Mali: l'armée française poursuit son retrait, l'ONU inquiéte sur la sécurité
L'armée française a quitté lundi la base militaire de Ménaka, dans le nord-est du Mali, avant-dernière étape du départ de la force antijihadiste Barkhane du pays, où la dégradation sécuritaire s'accélère dangereusement, selon l'ONU.
Les militaires français quitteront le Mali pour de bon "à la fin de l'été" avec le transfert aux forces armées maliennes (FAMa) de leur principale emprise de Gao, a souligné le porte-parole de l'état-major, le général Pascal Ianni, lors d'un point presse.
Les rapports entre la junte au pouvoir à Bamako et Paris, ancienne puissance coloniale, se sont brutalement dégradées ces derniers mois, en particulier depuis l'arrivée au Mali de paramilitaires du groupe russe Wagner, poussant les deux pays à la rupture après neuf ans de présence française ininterrompue pour lutter contre les jihadistes.
Ouverte en 2018, la base avancée de Ménaka, qui hébergeait notamment le groupement de forces spéciales françaises et européennes Takuba, a été transférée à l'armée malienne.
Le départ de Ménaka ce lundi "a été conduit en bon ordre, en sécurité et en toute transparence, dans un contexte où la force Barkhane fait face à des attaques informationnelles régulières visant à entacher son action et sa crédibilité", a commenté le général Ianni.
Au lendemain de la précédente rétrocession d'un base française, en avril à Gossi, l'état-major français avait diffusé des vidéos tournées par un drone montrant des paramilitaires de la société russe Wagner en train d'enterrer des corps non loin de l'emprise, en vue de faire accuser la France de crimes de guerre.
La base de Ménaka, elle, se situe dans la région dite des trois frontières, aux confins du Mali, du Niger et du Burkina Faso, dans laquelle les militaires français se sont longtemps battus pour entraver l'implantation des groupes jihadiste affiliés à l'Etat islamique (EI).
Cette base hébergeait également le groupement de forces spéciales françaises et européennes Takuba, chargé d'aider les forces maliennes à gagner en autonomie.
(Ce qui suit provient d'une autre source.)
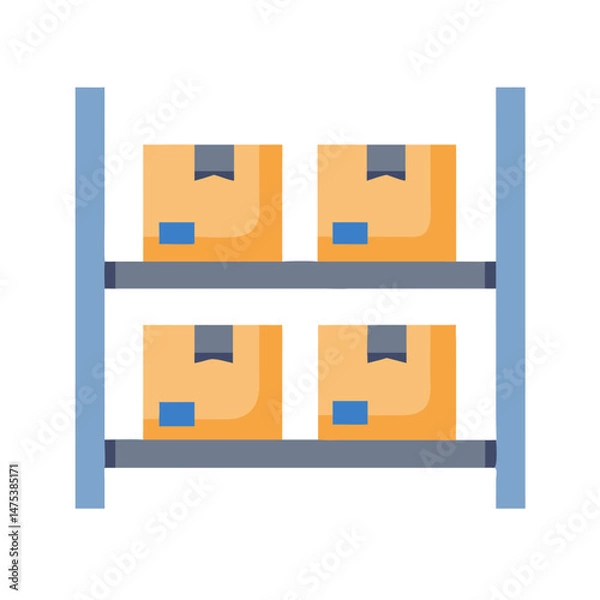 Fototapeta Warehouse shelf with cardboard boxes vector flat illustration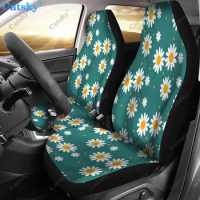 Daisy Pattern Print Universal Car Seat Covers Fit for Cars Trucks SUV or Van Auto Seat Cover Protector 2 PCS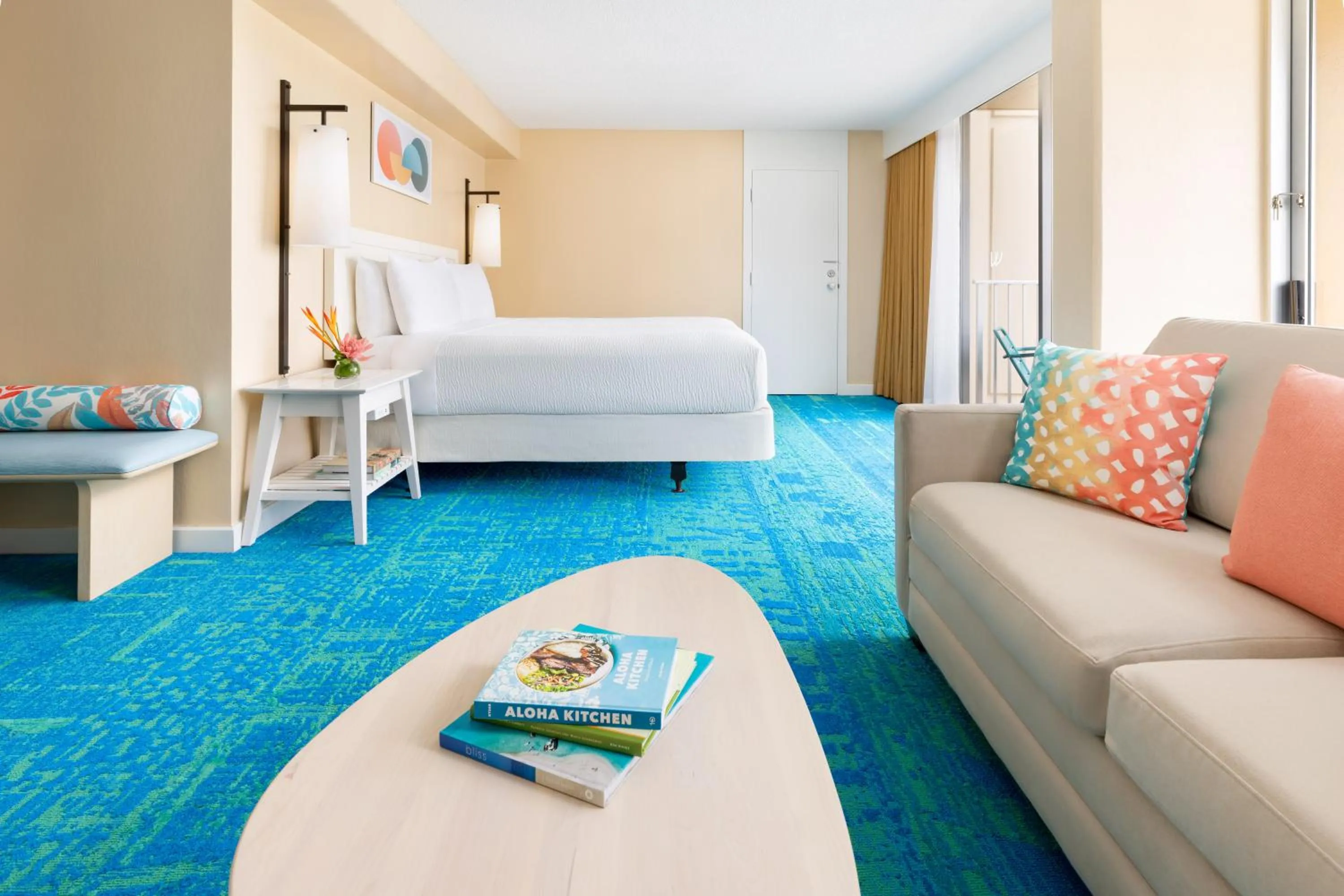 Bed in The Twin Fin Hotel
Cette opération initiée par la France est aujourd'hui obsolète, la coopération avec les FAMa ayant de facto cessé.
Le retrait en cours des forces françaises et européennes de cette zone inquiète nombre d'acteurs, qui constatent une recrudescence d'activité des groupes armés.
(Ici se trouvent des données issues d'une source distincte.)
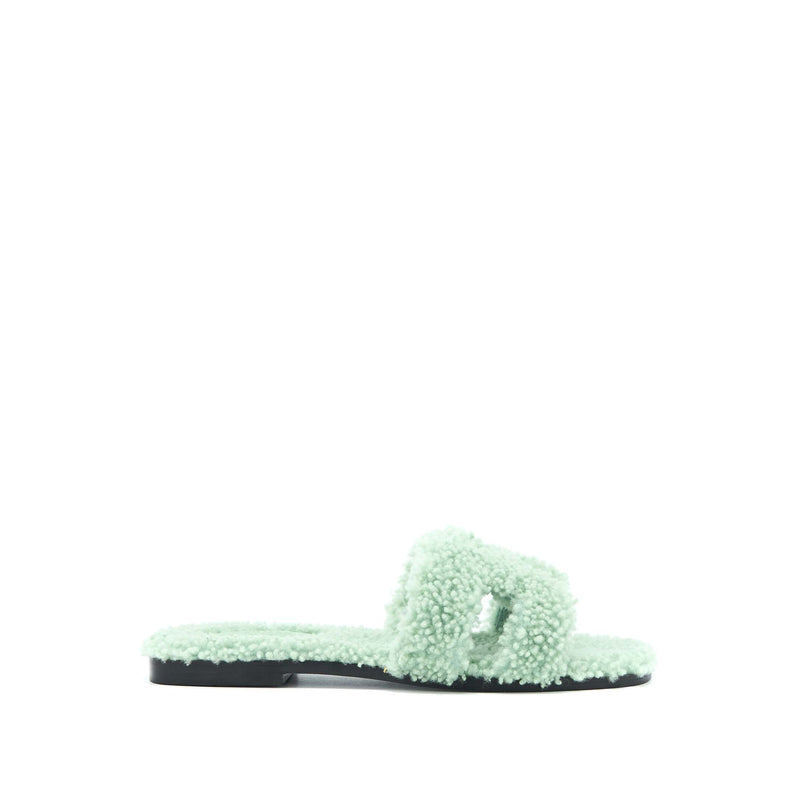 Hermes Size 37.5 Sandal Oran Peau Mint Green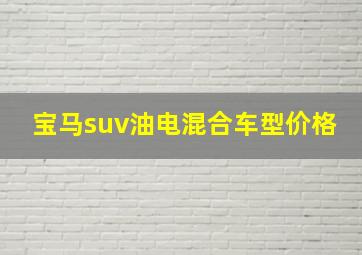 宝马suv油电混合车型价格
Les Nations unies, qui examinent ce lundi le renouvellement de leur mission au Mali (Minusma), forte de quelque 14.000 Casques bleus et policiers, tirent la sonnette d'alarme sur le vide sécuritaire créé par le départ des forces étrangères.
- Moins de pression sur les jihadistes -
"Depuis le début de cette année, nous avons constaté une détérioration de la zone des trois frontières avec des effets conséquents sur les régions de Ménaka et de Gao", alors que la force Barkhane plie bagage, a indiqué lundi l'émissaire de l'ONU pour ce pays au Conseil de sécurité, El-Ghassim Wane, qui n'exclut pas une attaque jihadiste contre la ville de Ménaka.
"Si ce scénario devait se concrétiser, la base de la Minusma (à proximité, ndlr) risque d'être perçue comme le dernier refuge pour les civils fuyant la violence", a-t-il estimé. Or "avec un minimum de forces maliennes dans la région et quelque 600 soldats de la paix (...) la capacité de la Minusma à organiser une réponse efficace est limitée", a-t-il averti.
Les maigres informations remontant de cette immense zone reculée et difficilement accessible font état de centaines de civils tués et de milliers de déplacés ces derniers mois dans les régions de Ménaka et Gao plus à l'ouest.
"Nous avons toujours dit qu'il fallait poursuivre les efforts dans cette zone et que les FAMa n'étaient pas forcément en mesure de le faire" seuls, réagit un haut gradé français.
Barkhane au Sahel, la plus grosse opération extérieure actuelle de la France, a mobilisé jusqu'à 5.500 hommes sur le terrain en 2020. Paris avait décidé de réduire la voilure l'été dernier, fermant ses bases militaires avancées les plus au nord du Mali - Kidal, Tessalit et Tombouctou, avant qu'Emmanuel Macron décide en février un retrait militaire total du Mali, sur fond de tensions extrêmes entre Paris et Bamako.
Toutefois, "la réarticulation de la force Barkhane (...) ne marque pas le départ des armées françaises de la bande sahélo-saharienne", fait valoir l'état-major français, en assurant que "l’engagement dans la lutte contre le terrorisme, aux côtés des Etats de la région, à leur demande (...) reste une priorité absolue".